The judiciary does not have the authority to let Genarlow Wilson go. He was properly convicted for a felony by a jury of his peers. The sentence cannot be modified by the courts in this way. The only ways out are: appeals of the original sentence (if any are still available), another legislative change by the Georgia legislature to include Genarlow Wilson’s situation (making him eligible for treatment under the new law, which he currently is not), or an official pardon by the governor. We must do things properly, or the consequences will be worse than the original problem. We cannot be too careful when it comes to sex crimes. No-one wants to give real sex offenders a way out of jail because of our blind compassion for one innocent kid.

03 May 2007

Rice talks to Syria

That elections have consequences is sadly illustrated by the meeting between Secretary of State Condoleezza Rice and the Syrian Foreign Minister Wallid al-Moallem. If the Democrats had not taken Congress, this meeting would never have happened. Instead, the Bush administration would have pursued the only logical course of action: isolating Syria more and more, applying diplomatic pressure to force the Syrians to quit supporting terrorists, convincing the UN and other international powers to support the isolation of Syria, and, finally, provide clear and robust military warnings.

What do Liberals think the US will gain from a meeting with a criminal regime? Did they send Rice merely to pick up the ransom note from Mr al-Moallem? Make no mistake, Syria is holding the US hostage and the demands are very clear: Get out of Iraq or we will send more foreign terrorists into Iraq to harm innocent women and children and the US will get the blame for all the bloodshed. Syria has nothing to offer, only demands to make. Ultimately, there will have to be regime change in Syria and I think it not unlikely that the US will invade Syria in the end, with or without international help.
But such gloomy thoughts should be left off for now. Just because Bush buckled under Congressional pressure and allowed Rice to talk to Syria does not mean that the White House is hanging out the white flag just yet. Shame on you, Mr Bush.

11 April 2007

Is Pelosi's Syria Trip a Felony?

Just a few brief comments about Nancy Pelosi’s ill-conceived trip to Syria. First, the trip was ill-conceived. Syria is a state sponsor of terrorism and I cannot imagine what Nancy Pelosi thought to accomplish there. One cannot negotiate with terrorists and the Syrian regime is certainly made up of terrorists. There is nothing the US can offer Syria. Syria wants the US wiped of the map.

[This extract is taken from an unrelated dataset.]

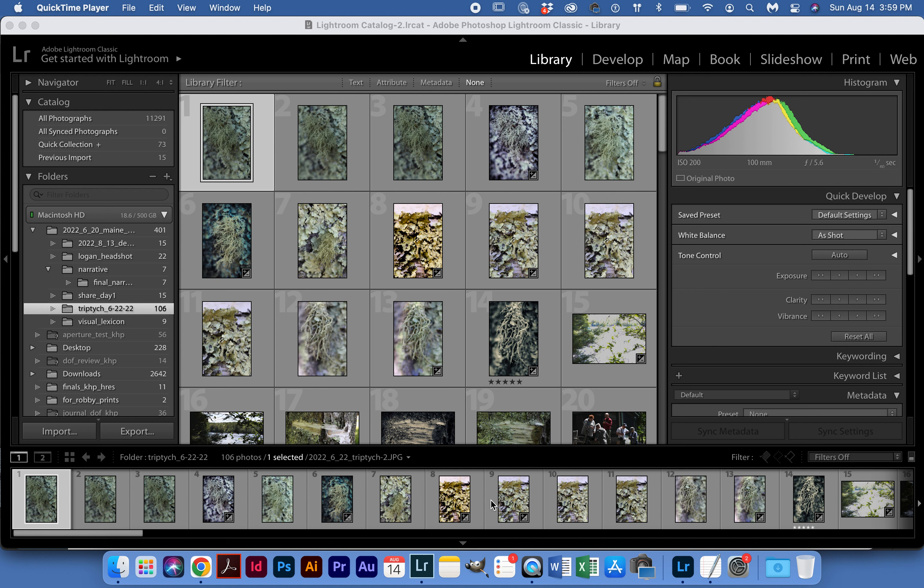All right class, so here we are in Lightroom Classic and we're going to look at how to export our files from Lightroom.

Second, since the president has declared it official policy to isolate Syria, Nancy Pelosi’s attempt to negotiate with the Syrian dictator Assad is a violation of the 200-year old Logan Act, which declares interference with the executive authority in foreign relations a felony. There can be no doubt that Nancy Pelosi committed a felony with her trip to Syria (see this article in the Wall Street Journal).

Third, I agree with Andrew McCarthy of National Review Online that Nancy Pelosi should not be prosecuted for this crime. His assessment that a criminal investigation of the House Speaker would be counterproductive is correct, I believe. Much better to turn the blatant violation of a criminal statute into a public relations triumph. Let’s hope the administration can keep itself to a higher standard than the Democrats who are playing every childish game they know to sabotage the president—regardless the consequences. That’s the kind of destructive policies America does not need.

20 March 2007

Back at Blogger

After a brief stint over at townhall.com, I have decided to return to Blogger for my blog. Townhall, while an impressive gathering place for conservative thought, simply didn't offer the user-friendliness of Blogger. So, find my postings here again (soon).